The Federal Reserve System is in its centennial year, offering an opportunity for reflection on the Fed’s role in the economy, its organization, and its independence from the government. This discussion is hardly academic. Serious reevaluation of the Fed’s organization or leadership took place after the financial crisis of the 1930s and the inflationary excesses of the 1970s. The Fed’s scope and power grew with the passing of the Dodd-Frank Act in the aftermath of the 2007–09 financial crisis, and its dominant role in financial regulation has made it even more enmeshed with politics.
Against this backdrop lies another pressing reason to discuss the Fed’s mandate and organization — the imminent selection of a new Federal Reserve Board chairman and the likelihood that the president will appoint a new majority of Fed governors over the remainder of his term. In place of this serious discussion, the White House has allowed, if not orchestrated, a circus campaign of personality.
The nation deserves better. Discussion and debate of “what” the Fed should do and “how” it should be organized will be crucial for the success of its future leaders. And that discussion should precede the talk of “who” should lead the Fed.
#ad#New lending tools and a quantitative-easing program have significantly expanded traditional discount lending and Federal Reserve open-market operations. To taper or not to taper is the question on tongues in the United States and emerging economies alike. Likewise the Fed will lead a new regulatory architecture for bank and non-bank “systemically important financial institutions.” While the Fed has come up with technical policy responses to address the macroeconomic fallout of the crisis and President Obama and Congress emphasized technical rule-making and regulatory power in the Dodd-Frank Act, questions of the Fed’s judgment about the build-up of financial excesses and the costs of their unwinding remain. In addition, the question of whether the Fed’s mandate should be amended to include specific weight on maintaining financial stability is important. Finally, the expansion of the Fed’s scope has led and almost surely will continue to lead to a divergence of views among Fed officials about strategy and tactics for monetary policy and financial regulation.
These questions and changes yield three clear criteria for selecting a new Fed chairman — experience, independence, and leadership.
The chairman’s experience should include knowledge of monetary policy, the financial system, and links between financial imbalances and economic fluctuations. This experience should ideally be both in intellectual frameworks — how economic models work — and practical understanding – how financial markets work and financial practices evolve. Chairman Alan Greenspan’s practical knowledge of technology-fueled productivity growth in the 1990s allowed him to intuit a faster speed limit for the economy than traditional economic models suggested. The Fed benefited from Chairman Bernanke’s intellectual background in understanding financial crises, though it seems to have lacked adequate practical knowledge of the risks of imbalances in the financial system.
Federal Reserve independence — for the institution and its chairman — is critical. A classic study by Harvard economists Alberto Alesina and Lawrence Summers concluded that economies with independent central banks had lower inflation rates than countries in which independence was lacking. Today, an emphasis on independence extends to the stability of financial markets: Whether or not financial stability becomes part of the Fed’s official mandate, the central bank should be able to lean against financial imbalances without political interference. Independence is not just a de jure concept. In particular, the chairman’s political independence, in addition to the organization’s, matters: Fed chairman Arthur Burns’s close political ties with the Nixon administration likely contributed to excessively expansionary and ultimately inflationary pressure even in a formally independent Fed.

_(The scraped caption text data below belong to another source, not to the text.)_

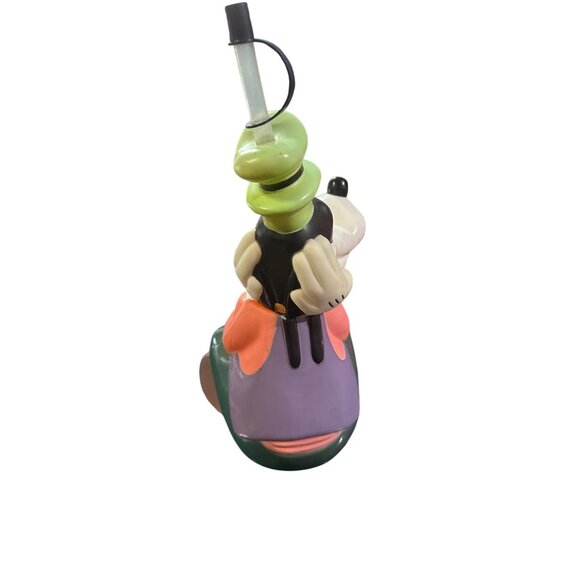 Vintage 90s Disney Goofy Water Drink Bottle Collectible With Straw - Picture 2 of 8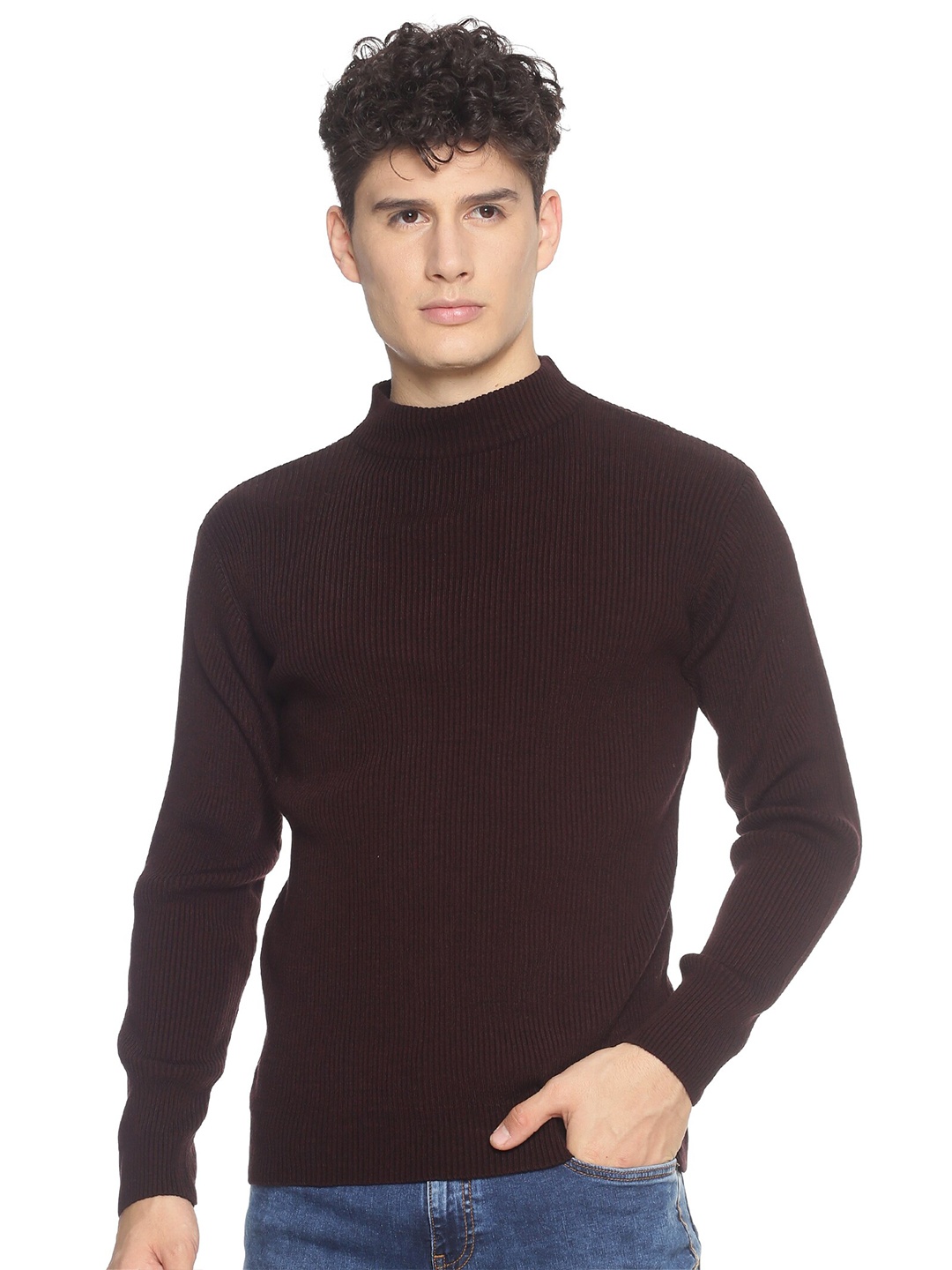 

513 Men Acrylic Brown Ribbed Pullover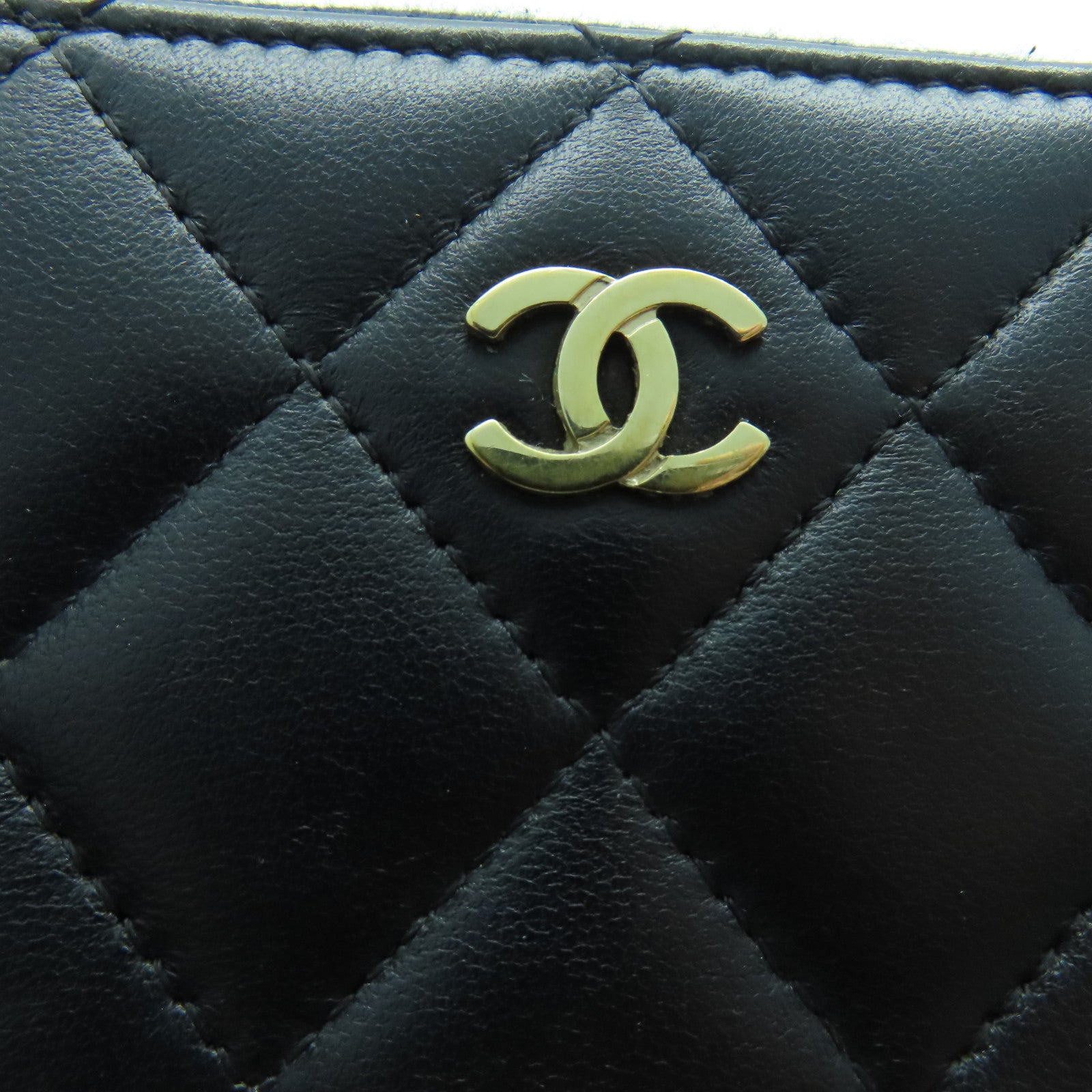 CHANEL 羊皮皮革Wallet金扣錢包黑色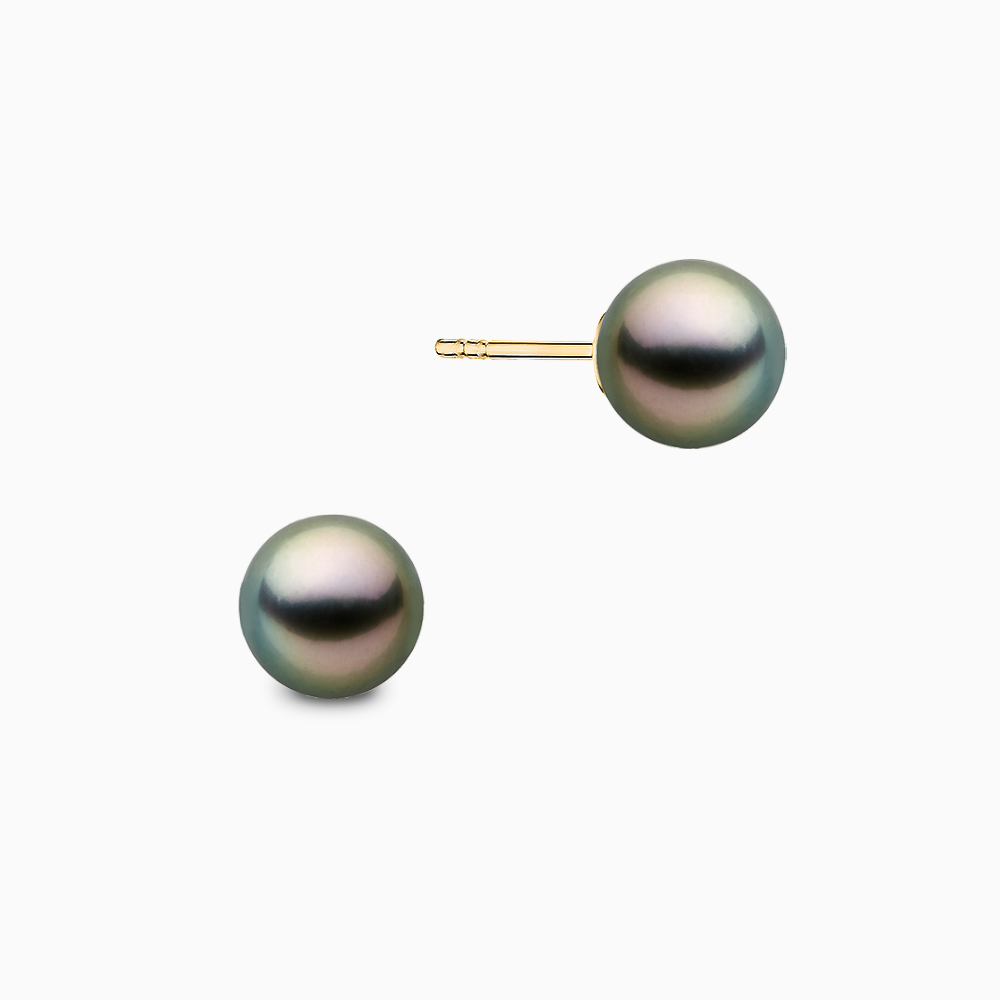 The Ecksand Tahitian Pearl Stud Earrings shown with  in 14k Yellow Gold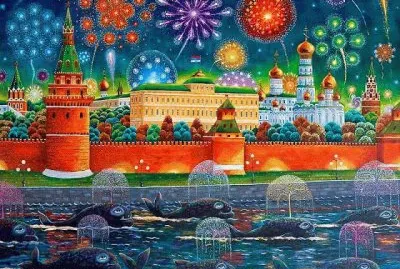 Fireworks above the Kremlin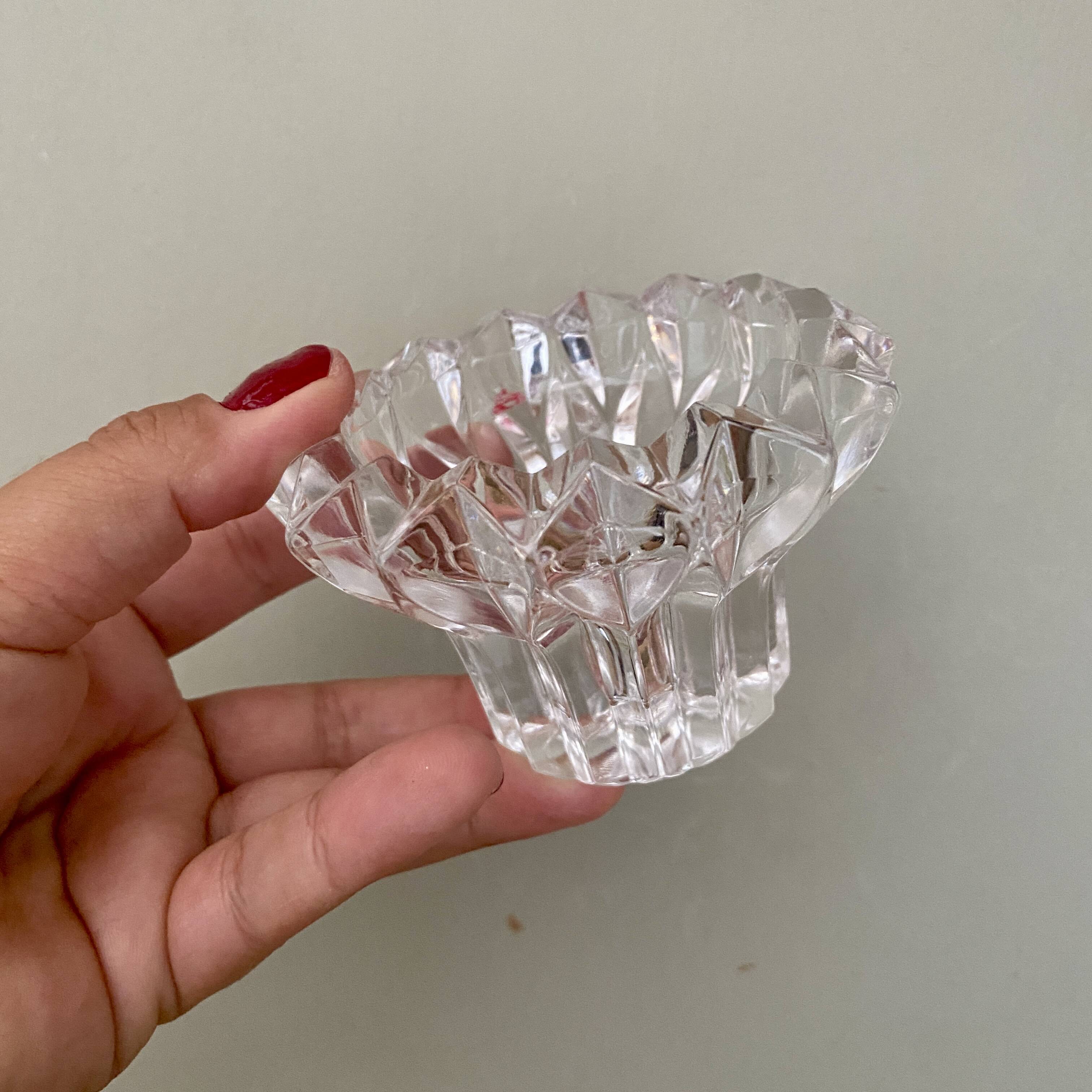 Set of 2 vintage molded glass candle holders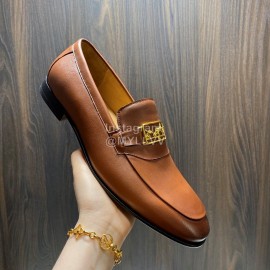 Hermes Leather Casual Blaise Loafers For Men Brown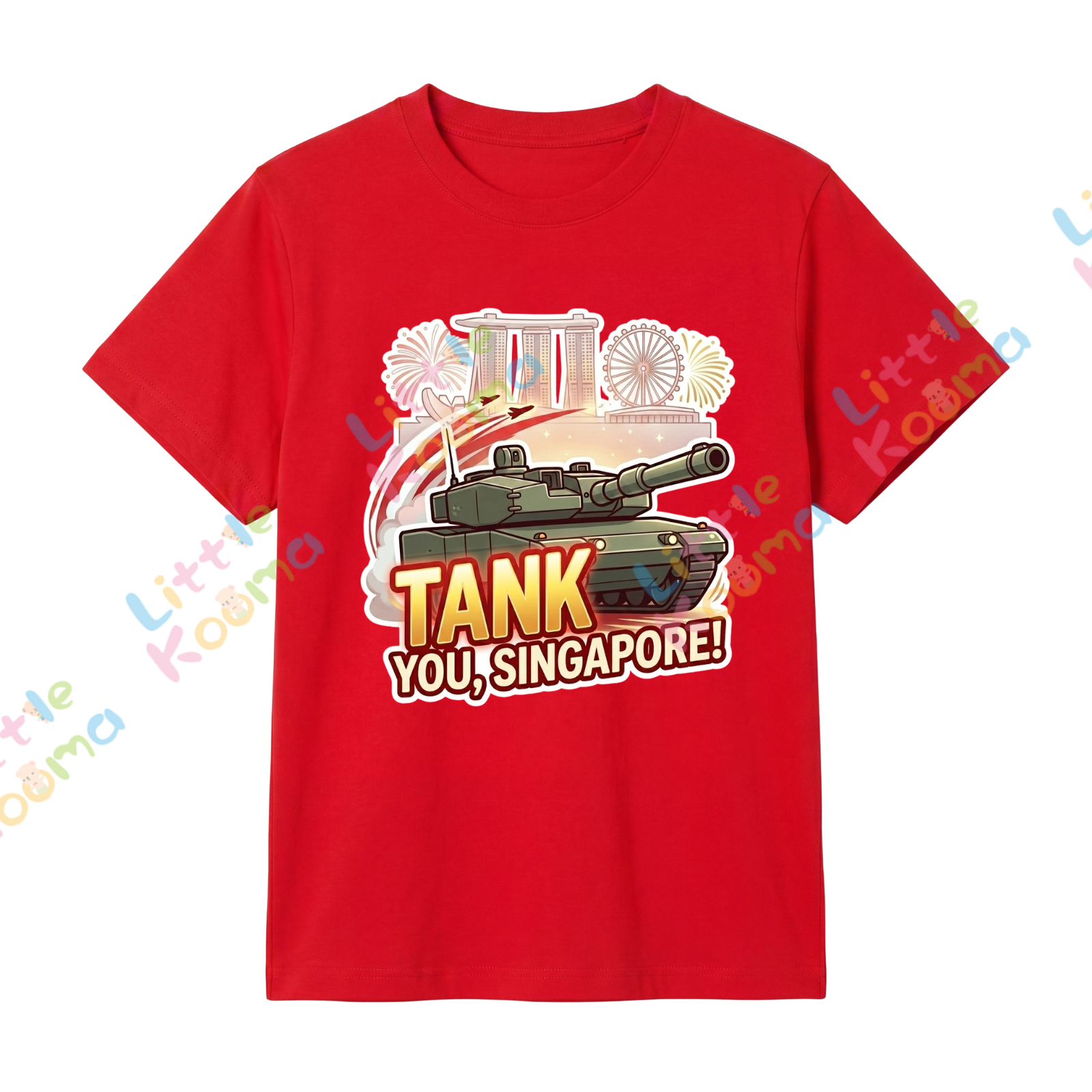 Singapore National Day Kids Red T-Shirt Family Matching Outfit - TANK YOU SINGAPORE - Little Kooma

Finally, leadership skill is a key criterion by which a new Fed chairman should be judged. For the Fed, such skill must extend beyond articulating and communicating goals. The ability to forge consensus has always been an important attribute of the Fed chief — the Federal Open Market Committee as a group makes decisions about monetary policy, and the Board of Governors as a group makes decisions about extraordinary actions. But the expansion of Fed responsibility — particularly in unconventional monetary policy and financial regulation — has brought out a greater divergence of views among Fed officials. There is no going back to an imperial-chairman model.
The nation’s tepid economic recovery and legitimate concerns over the course of financial regulation make President Obama’s choice of the next Fed chairman — and other Fed governors — particularly significant. The president needs to communicate what he thinks the Fed’s role should be and what his criteria are for selecting its head. Experience, independence, and leadership should be key factors in guiding the president’s choice. If the president has other factors instead in mind, he should set them forth.
— R. Glenn Hubbard, dean of Columbia Business School, was chairman of the Council of Economic Advisers under President George W. Bush.